- **WHAT YOU ARE ASKED TO DO**: Using the listing below, reproduce exactly the lines from the one with "Thirteen 9780345485250 Richard" through the last, with all pictures left out.

[INFORMATION]

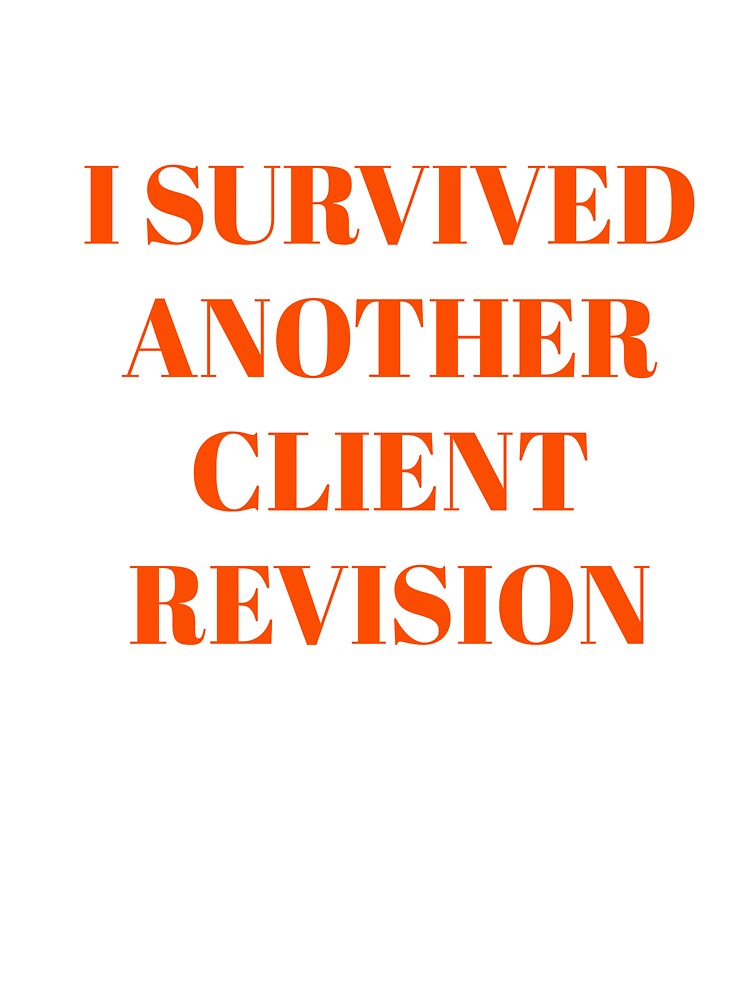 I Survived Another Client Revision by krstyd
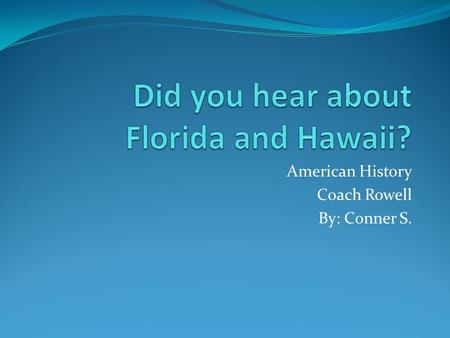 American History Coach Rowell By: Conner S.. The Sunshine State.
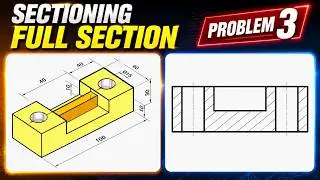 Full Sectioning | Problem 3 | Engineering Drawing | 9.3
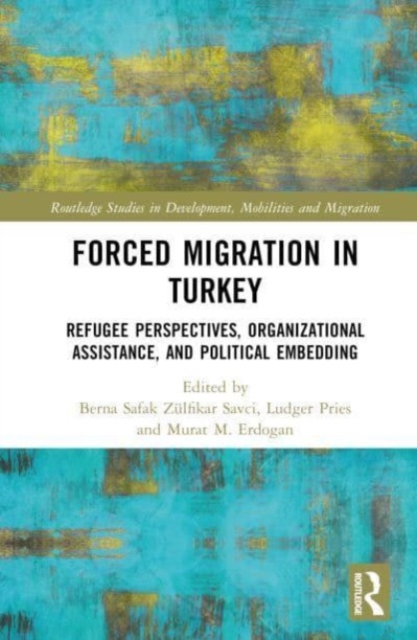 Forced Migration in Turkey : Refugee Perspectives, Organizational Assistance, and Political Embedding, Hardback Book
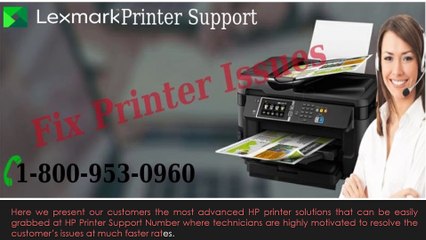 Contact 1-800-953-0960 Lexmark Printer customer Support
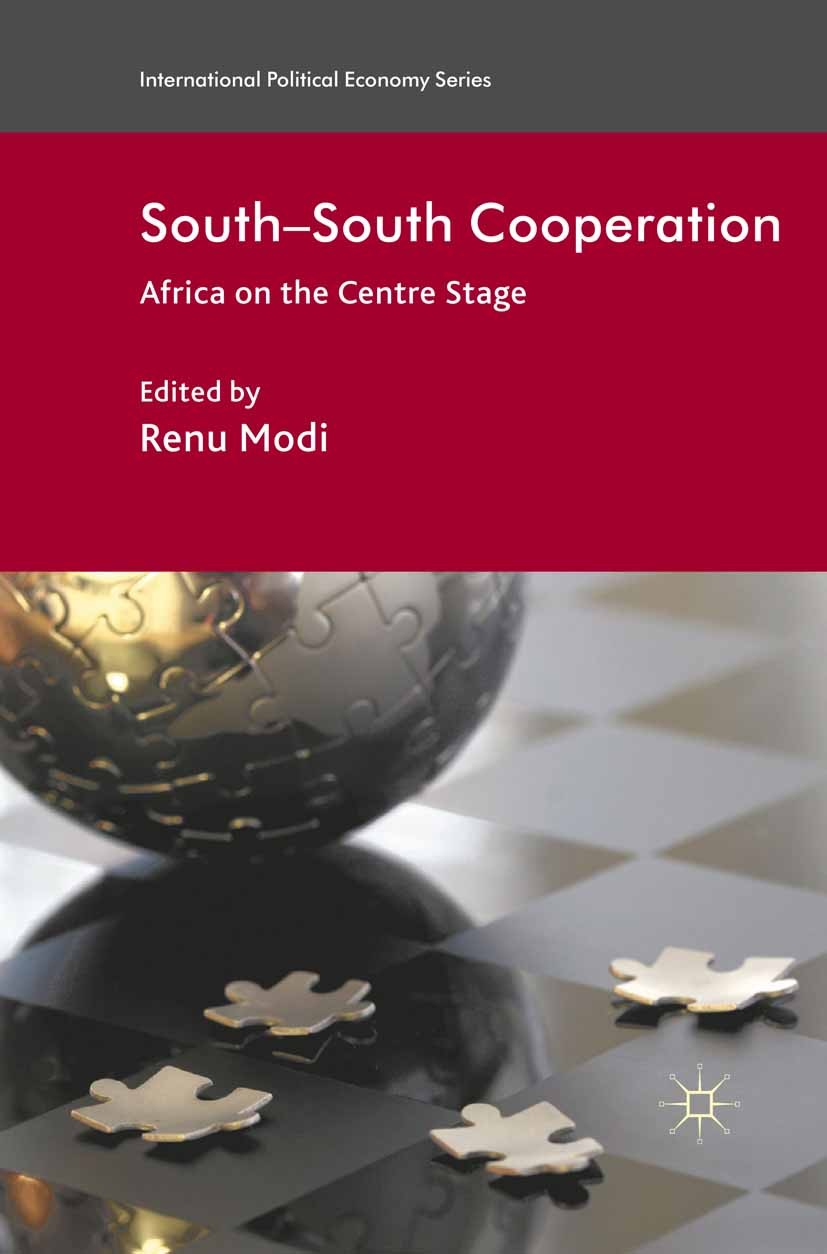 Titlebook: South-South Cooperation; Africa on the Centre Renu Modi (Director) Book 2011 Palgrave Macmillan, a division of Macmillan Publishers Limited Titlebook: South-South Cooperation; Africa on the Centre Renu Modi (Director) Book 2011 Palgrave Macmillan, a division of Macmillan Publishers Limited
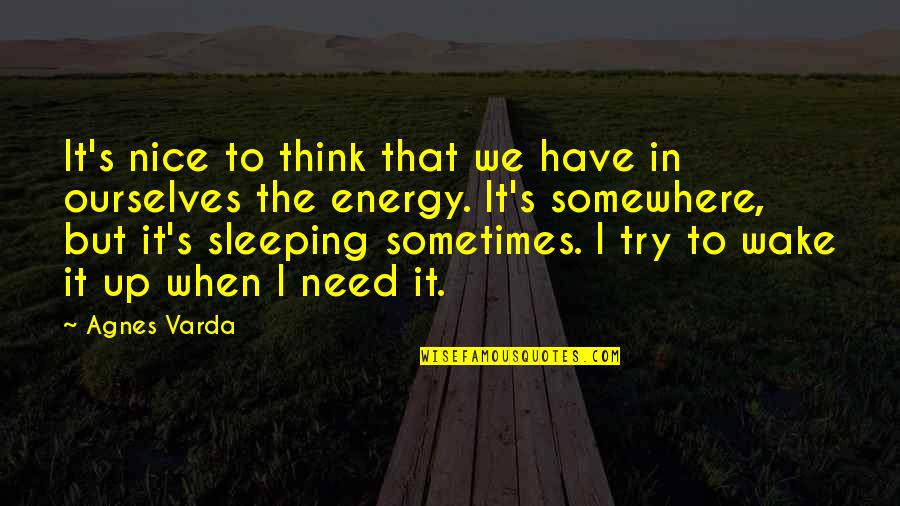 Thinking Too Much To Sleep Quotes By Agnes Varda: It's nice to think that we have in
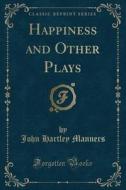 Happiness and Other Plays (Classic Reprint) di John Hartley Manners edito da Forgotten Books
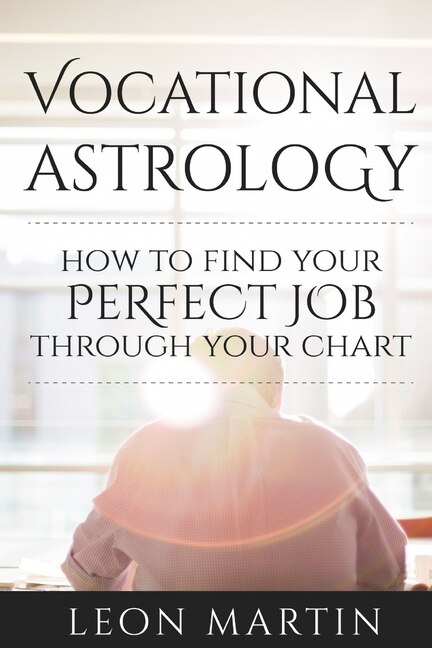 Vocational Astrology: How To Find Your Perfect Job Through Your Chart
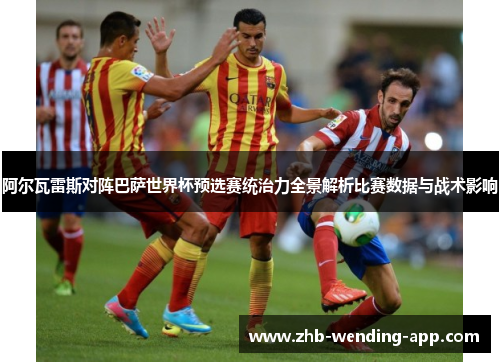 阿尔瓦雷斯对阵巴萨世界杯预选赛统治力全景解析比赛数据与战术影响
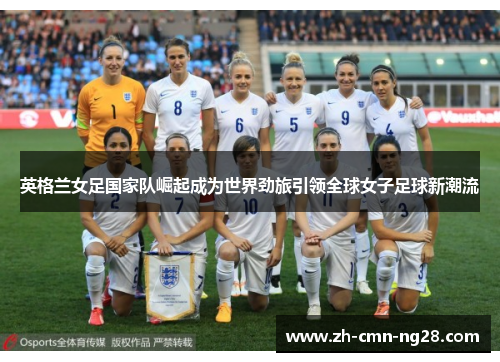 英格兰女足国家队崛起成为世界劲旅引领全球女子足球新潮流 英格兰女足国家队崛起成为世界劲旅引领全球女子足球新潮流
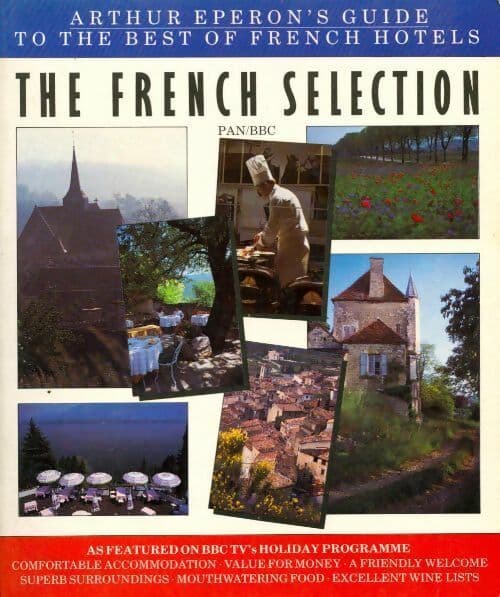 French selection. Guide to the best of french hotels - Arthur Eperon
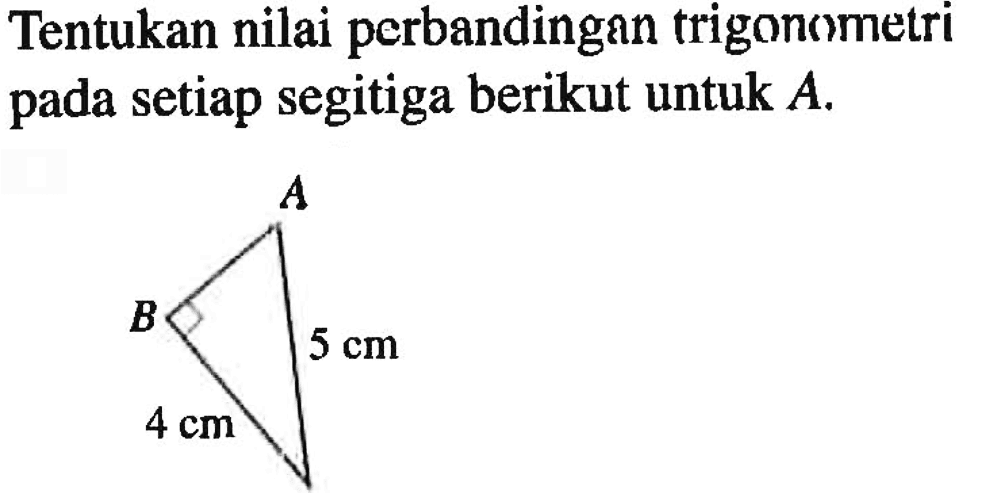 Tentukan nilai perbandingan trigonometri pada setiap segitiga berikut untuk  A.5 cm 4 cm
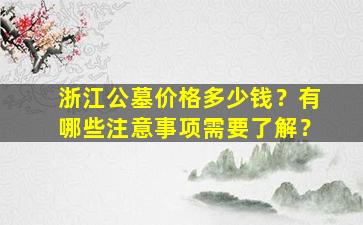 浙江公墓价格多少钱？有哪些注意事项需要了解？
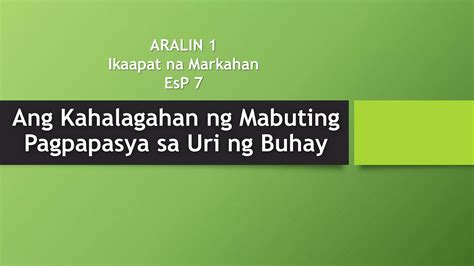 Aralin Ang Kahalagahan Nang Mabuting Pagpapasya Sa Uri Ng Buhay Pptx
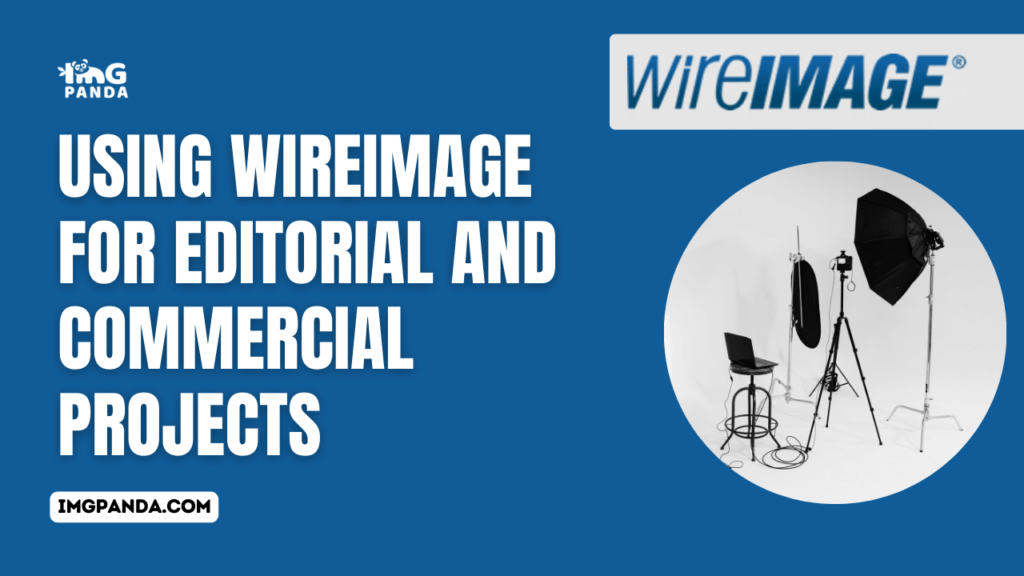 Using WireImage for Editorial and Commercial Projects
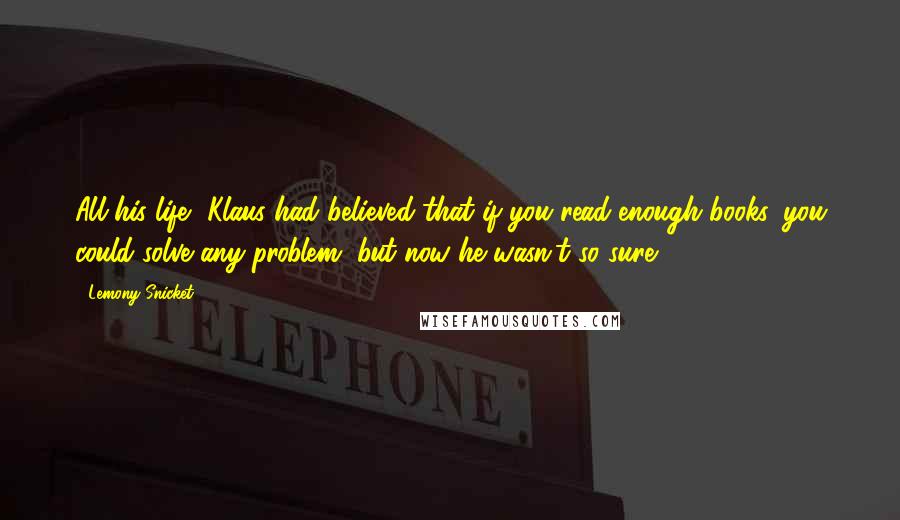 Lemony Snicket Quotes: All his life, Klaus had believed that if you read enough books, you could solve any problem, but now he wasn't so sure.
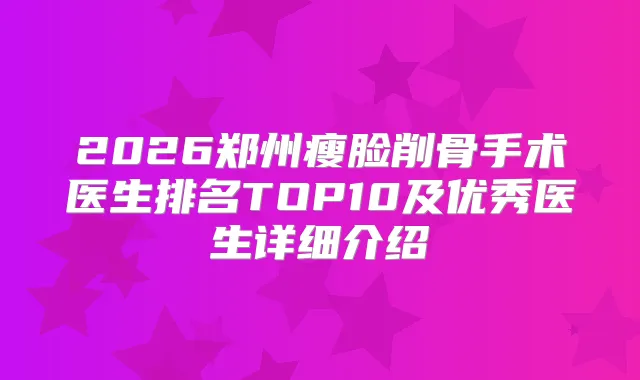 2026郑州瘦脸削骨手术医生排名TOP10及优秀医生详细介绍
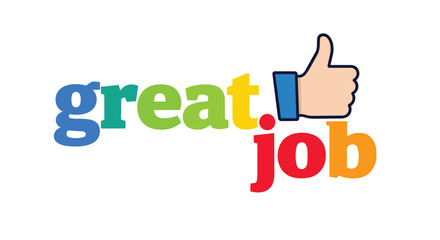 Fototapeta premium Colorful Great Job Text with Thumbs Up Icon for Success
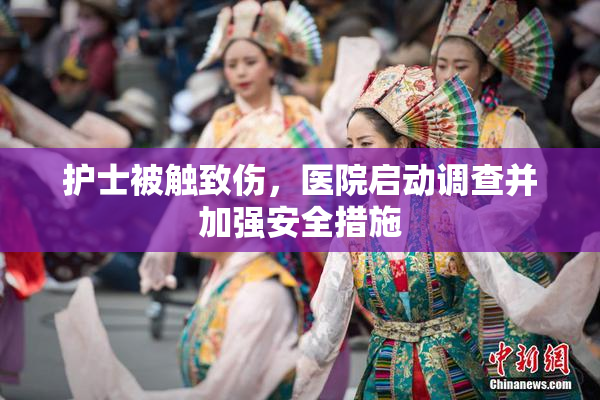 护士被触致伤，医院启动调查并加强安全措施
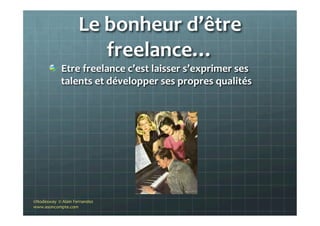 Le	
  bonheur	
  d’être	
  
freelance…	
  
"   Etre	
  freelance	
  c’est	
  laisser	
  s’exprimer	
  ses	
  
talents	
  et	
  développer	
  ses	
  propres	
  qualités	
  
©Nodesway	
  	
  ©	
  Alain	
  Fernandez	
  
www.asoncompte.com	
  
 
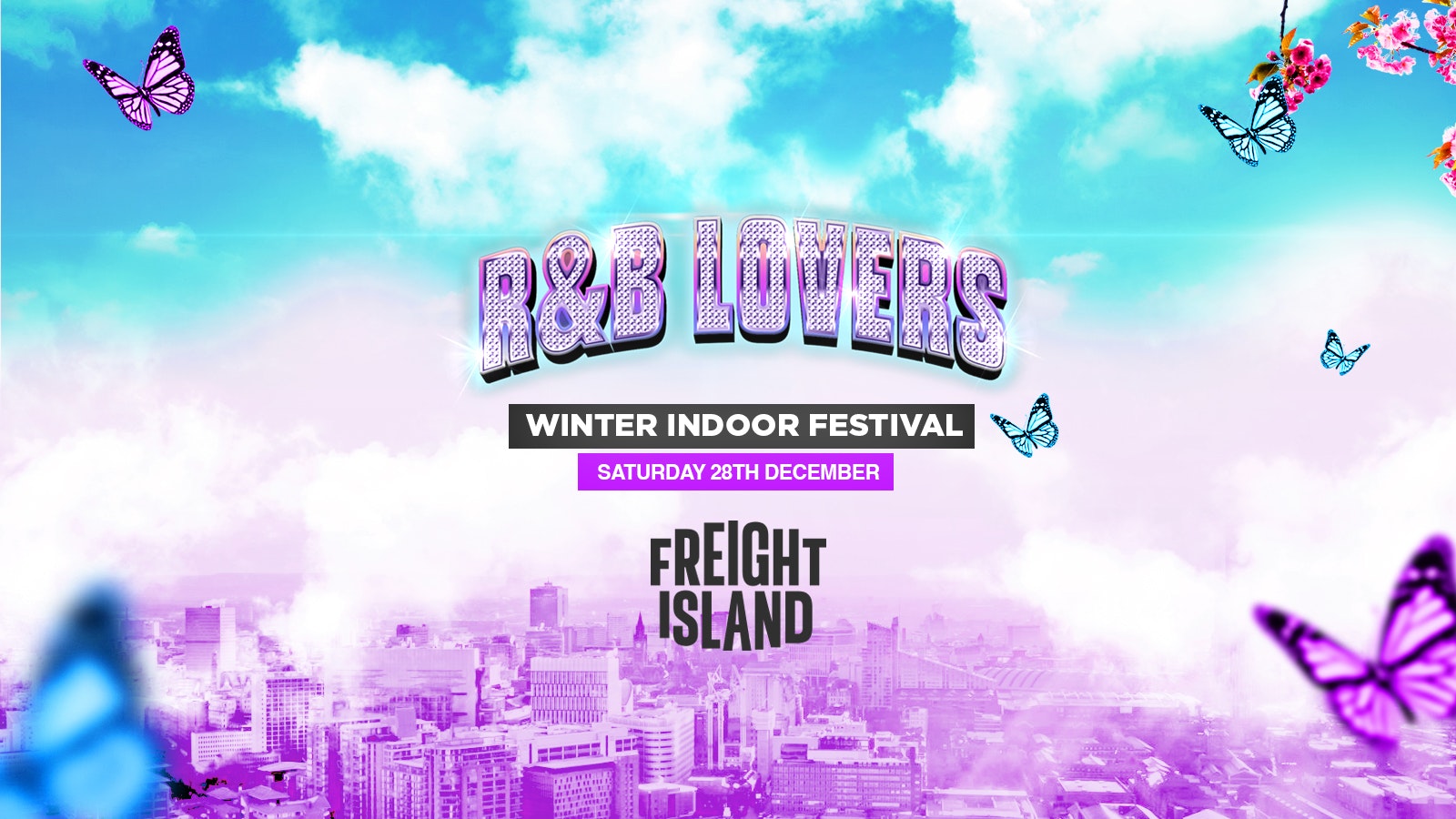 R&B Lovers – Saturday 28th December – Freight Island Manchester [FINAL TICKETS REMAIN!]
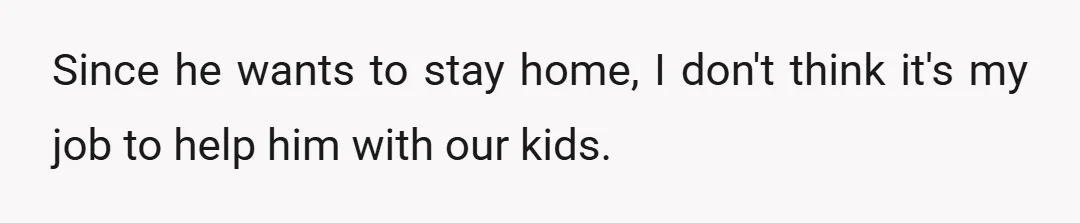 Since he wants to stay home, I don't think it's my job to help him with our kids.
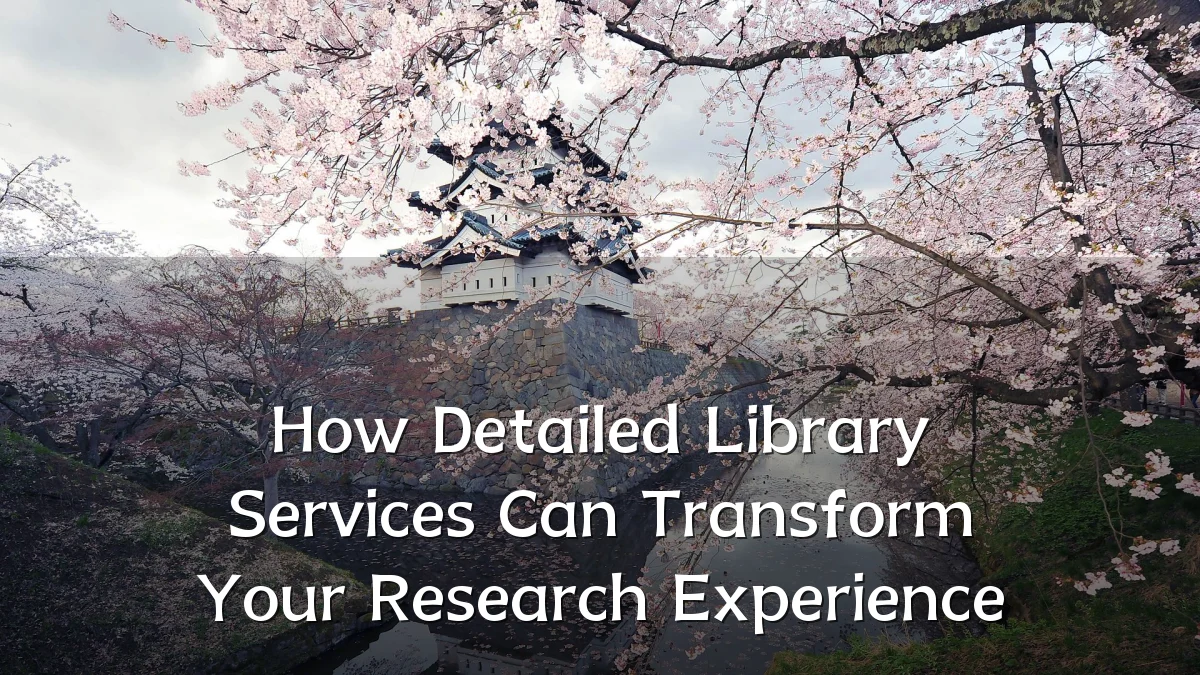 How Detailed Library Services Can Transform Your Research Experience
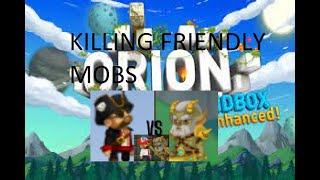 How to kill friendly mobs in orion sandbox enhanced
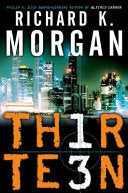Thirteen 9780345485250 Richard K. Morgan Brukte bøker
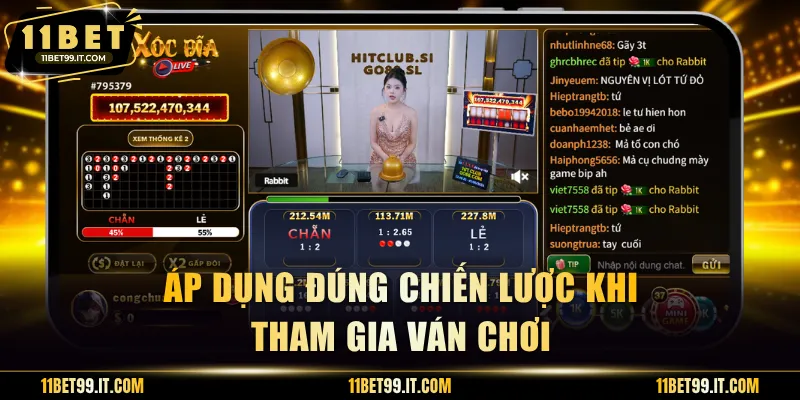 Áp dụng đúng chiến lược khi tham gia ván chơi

[/INFORMATION]

- **ANSWER FOR THE TASK**:
Thirteen 9780345485250 Richard K. Morgan Brukte bøker
 Áp dụng đúng chiến lược khi tham gia ván chơi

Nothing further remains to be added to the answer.